Yıllarca sağda solda tarçınlı kekler, zencefilli kurabiyeler, mahlepli paskalya çörekleri yeyip durmuş, yine de bir türlü bu tada ulaşamamıştı. Birkaç ısırık aldı; uzun süre sigarayı bıraktıktan sonra ilk nefeste özlem gidermiş biri gibi,

-Allah aşkına hala ne var bunun içinde, nasıl böyle kokuyor? Bağımlı eder adamı.

-Bir şi yok yavrum, bildiğin kömbe baharatı, sen seviyorsun diye öyle geliyor.

-Yok yok, ne var Allasen söyle. Nerden buluyosun bunu?

-Bildiğin kömbe baharatı, Uzun Çarşı’dan alığım, yeddi baharat.

Tarçın, yenibahar, zencefil, muskat, karanfil, mahlep ve damla sakızından oluşan bir karışımdı kömbe baharatı. Genelde dini bayramlarda yapılırdı kömbe ama annesi ona sık sık yapardı. Üstelik o yeşil cam kavanozlarda iki üç ay taze kalırdı. Selva da gelip gidip elini daldırır; dibi delikmiş, bir türlü doymazmış gibi, çocuk cüssesinden umulmayacak kadar çok yerdi.

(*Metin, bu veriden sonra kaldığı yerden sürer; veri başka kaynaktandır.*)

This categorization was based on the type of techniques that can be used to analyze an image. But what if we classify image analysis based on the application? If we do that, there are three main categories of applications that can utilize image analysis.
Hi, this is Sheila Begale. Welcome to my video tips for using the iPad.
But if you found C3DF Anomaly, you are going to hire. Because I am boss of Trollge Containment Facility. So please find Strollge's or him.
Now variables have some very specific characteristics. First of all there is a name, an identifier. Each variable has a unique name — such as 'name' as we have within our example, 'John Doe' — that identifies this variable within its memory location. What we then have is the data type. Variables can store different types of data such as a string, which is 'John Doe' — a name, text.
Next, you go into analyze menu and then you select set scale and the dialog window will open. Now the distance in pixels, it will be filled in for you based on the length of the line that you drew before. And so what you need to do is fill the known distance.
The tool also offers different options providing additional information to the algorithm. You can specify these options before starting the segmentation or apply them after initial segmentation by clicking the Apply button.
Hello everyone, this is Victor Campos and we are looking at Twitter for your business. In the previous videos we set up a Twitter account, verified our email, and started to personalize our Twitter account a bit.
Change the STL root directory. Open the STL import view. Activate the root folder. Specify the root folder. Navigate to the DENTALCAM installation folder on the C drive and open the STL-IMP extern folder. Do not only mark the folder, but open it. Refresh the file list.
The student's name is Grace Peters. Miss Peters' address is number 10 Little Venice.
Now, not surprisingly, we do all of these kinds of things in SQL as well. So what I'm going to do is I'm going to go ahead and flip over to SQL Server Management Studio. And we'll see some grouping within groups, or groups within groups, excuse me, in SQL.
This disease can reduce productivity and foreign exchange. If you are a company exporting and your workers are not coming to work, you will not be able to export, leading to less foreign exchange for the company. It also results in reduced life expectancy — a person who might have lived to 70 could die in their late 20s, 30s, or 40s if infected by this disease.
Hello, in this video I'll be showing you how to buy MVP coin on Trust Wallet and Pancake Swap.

Her çocuğun annesinin yaptığı, oranıyla, içindekilerle annesine has bir karışım olan bir hamur işi; ekmek, çörek, kurabiye, poğaça ya da pasta kokusu vardır ya… Annenizin -ya da size bakan kişinin- en iyi bildiği, en sık yaptığı o hamurun pişerken evin içine dağılan kokusu… Yemek için başkasına muhtaç olduğunuz, kendi halinize bırakılsanız ölüp gideceğiniz bir yavru olduğunuz günlere ait o koku. İlk yemek, şefkatle doyurulma gibi bir izi kalır ya insanda. İşte Selva için kömbe kokusu öyleydi ve ona bir isim vermek istedi. Seçtiği isim, küçükken kimsenin anlam veremediği şekilde kömbeye taktığı iki heceli addı; “ufp nee” Bu ad, az önce, halasının onu yakaladığı anda aklından geçmişti, rüzgârda salınan incecik bir tül gibi. Bir şey nerede ve hangi ruh haliyle öğrenildiyse o koşullarda hatırlanma oranı artarmış ya, ondan muhtemelen. Böylece, “ufp nee” bizi küçükken doyuran kişinin pişirdiği hamurun eve yayılan kokusu olarak Selva’nın koku sözlüğünde yerini aldı. 

Sedirlere uzanıp, birbirlerine doymaya çalışır gibi uzunca baka baka konuştular, eskilerden, yenilerden, komşulardan, gidenlerden…. Yediği oruklar ve kömbelerden rehavet çökmüştü, halası yukarda ona yerini hazırladı. Begonvillerin sarılarak yukarı kata uzandığı merdivenlerden odasına geçen Selva, ipek çarşaf ve yorgan örtüsünden hazırlanmış yatağa uzandı. Tavandaki koyu renkli ahşap leke karşısındaydı, çocukken onu korkutan leke hiçbir şeye benzemeyen kara kuru biçimsiz bir şeydi, büyümüş haliyle baktığında. Onu korkutan zihinsel tantana yoktu, oda çok sakin, yatak çok yumuşaktı. Bir süre sonra, bunları düşünürken üzerine yorgunluk çöken Selva’nın cümleleri dağılmaya başladı. Göz kapakları ağırlaştı, en son karşısında daldığı ahşap tavan detayının üzerine kapandı. Fikirler değil, parçalar halinde algılanan gerçekler geliyordu zihnine; “orada”, “yeşildir”, “hareket etti” gibi. İpekten kumaşlara sarınmış, rüyaya giriyordu. Etrafta insanı örten, koruyan bir sessizlik vardı. Avludaki hayvanlar, böceklere varana dek çoktan uyumuş, kediler ve kuşlarsa çoktan rüya görmeye başlamıştı.